France wins three new gold medals

The penultimate day of competition is once again synonymous with French victories at the Tokyo Paralympic Games on Friday, September 3. The pair made up of Stéphane Houdet – flag bearer in Tokyo – and Nicolas Peifer won Paralympic gold in wheelchair tennis and thus retain their title. After three hours of play, the French won in three sets (7-5, 0-6, 7-6) against the British Alfie Hewett and Gordon Reid.

A few minutes later, table tennis players Fabien Lamirault and Stéphane Molliens were also crowned Paralympic champions. The French first beat South Koreans Soo-yong Cha and Jin-cheol Park in three sets to two. All they had to do was win a singles match, a challenge taken up by Fabien Lamirault against Soo-yong Cha. The table tennis player won his second gold medal, after his individual title on Monday.

Read also: French wheelchair tennis in search of greater professionalization

During the night, cyclist Kévin Le Cunff also won the gold medal in the final of the road road race (category C4-5). The 33-year-old Northerner notably beat the Ukrainian Yegor Dementyev, who had robbed him of third place on Friday in the individual track pursuit, but who had to settle for second place last night. The Dutchman Daniel Abraham Gebru completes the podium. Kévin Le Cunff thus brought the French cycling team its fifth title.

Silver and bronze too

The French pair made up of Fabien Lamirault and Stéphane Molliens, during the table tennis final of the Tokyo Paralympic Games on September 3.

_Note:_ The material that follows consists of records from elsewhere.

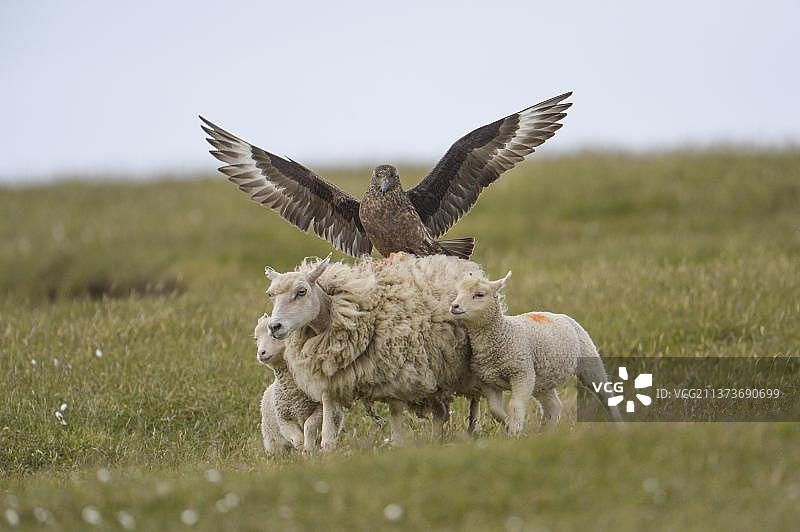 北极贼鸥攻击设得兰群岛的绵羊，英国赫曼内斯国家自然保护区图片素材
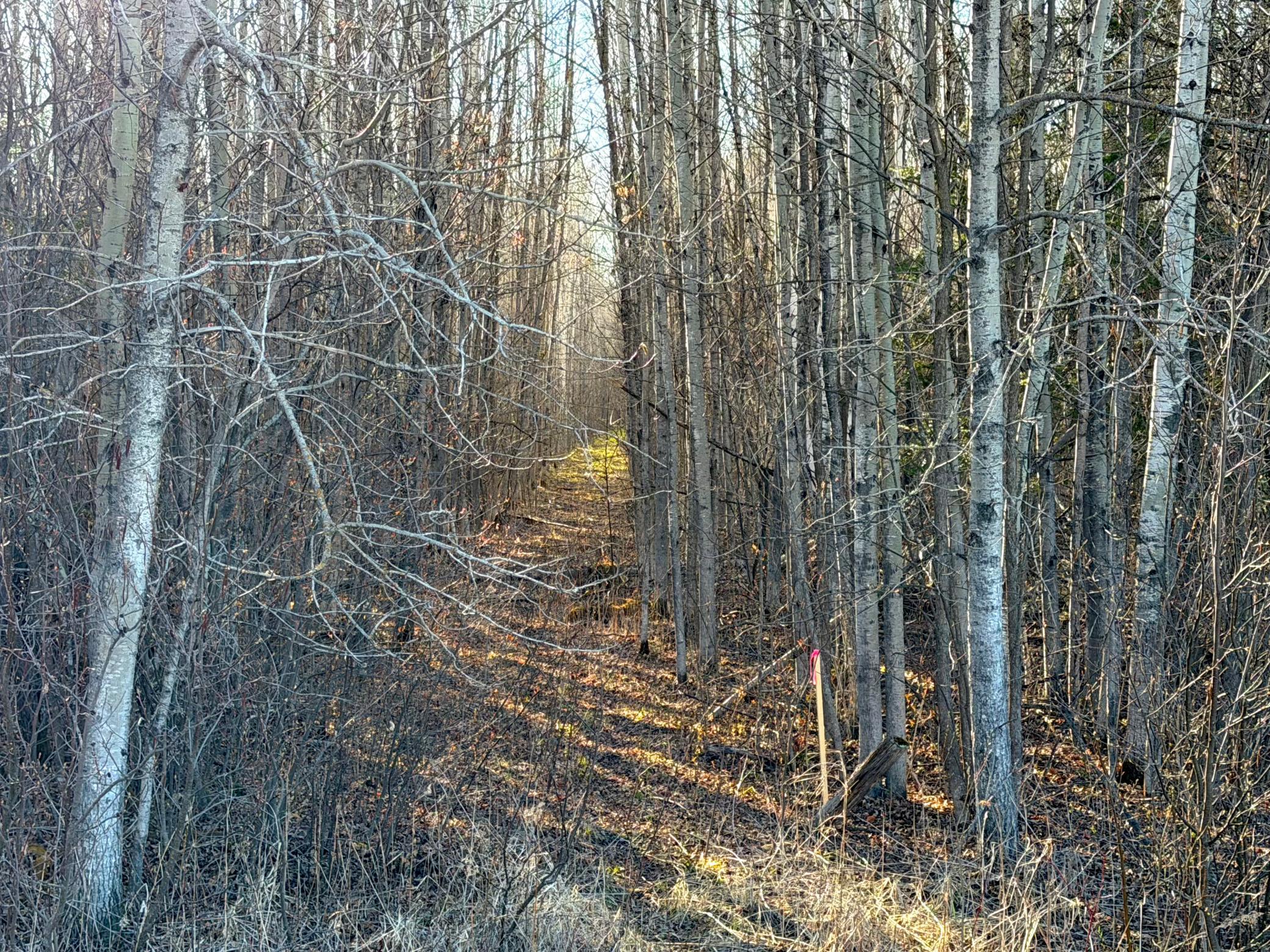 Lot E County Road 79 Property Photo 4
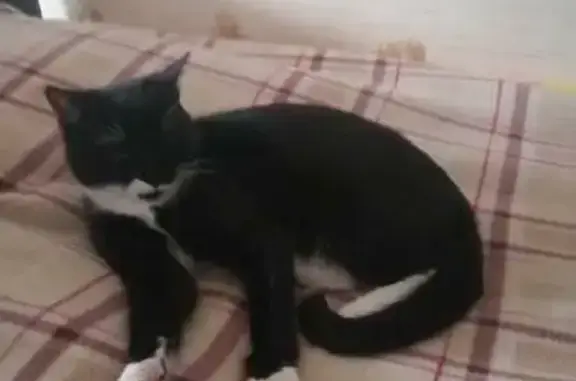 Кошки потеряшки, Санкт-Петербург, фото: Потеряшка кот Найт, Туристская улица 28 к1, СПб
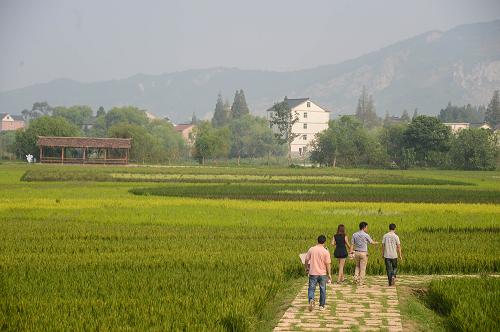 9月13日,游客在游覽濕地公園內(nèi)的農(nóng)田景觀區(qū)。浙江省長興縣“太湖圖影生態(tài)濕地文化園”將于9月15日正式開園,該濕地公園毗鄰太湖,水域與太湖相通,屬于太湖水系,總面積5000多畝。太湖圖影濕地公園是典型的湖泊型濕地,結(jié)合魚塘、河道、蘆葦叢、縱橫阡陌的河網(wǎng)港汊以及20多個島嶼,天然形成了“野趣、清幽、閑逸”的意境。園區(qū)包含農(nóng)田景觀區(qū)、觀鳥區(qū)、荷塘秀色等片區(qū),是集原生態(tài)展示、農(nóng)耕文化體驗(yàn)、旅游觀光于一體的綜合濕地文化景區(qū)。新華社記者 徐昱 攝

Still in cycling, Alexandre Lloveras and his driver Corentin Ermenault won the bronze medal in the B road race later in the day. They completed the race in three hours, six minutes and fourteen hundredths, behind four Dutch riders: Vincent ter Schure and his driver Timo Fransen took the gold, and Tristan Bangma and Patrick Bos took the silver.

Read also: The French boccia hopes to initiate a better representation of the great handicap

In addition, Rémy Boullé won the silver medal in canoeing, the first in the discipline at these Games. The French lost to Hungarian Peter Kiss, who even improved his personal best. Kayaker Nélia Barbosa will try to win a new medal in the final on Saturday.

The French delegation totaled fifty-one medals on Friday – including ten in gold – two days before the end of the Games, and climbed back to thirteenth place in the standings.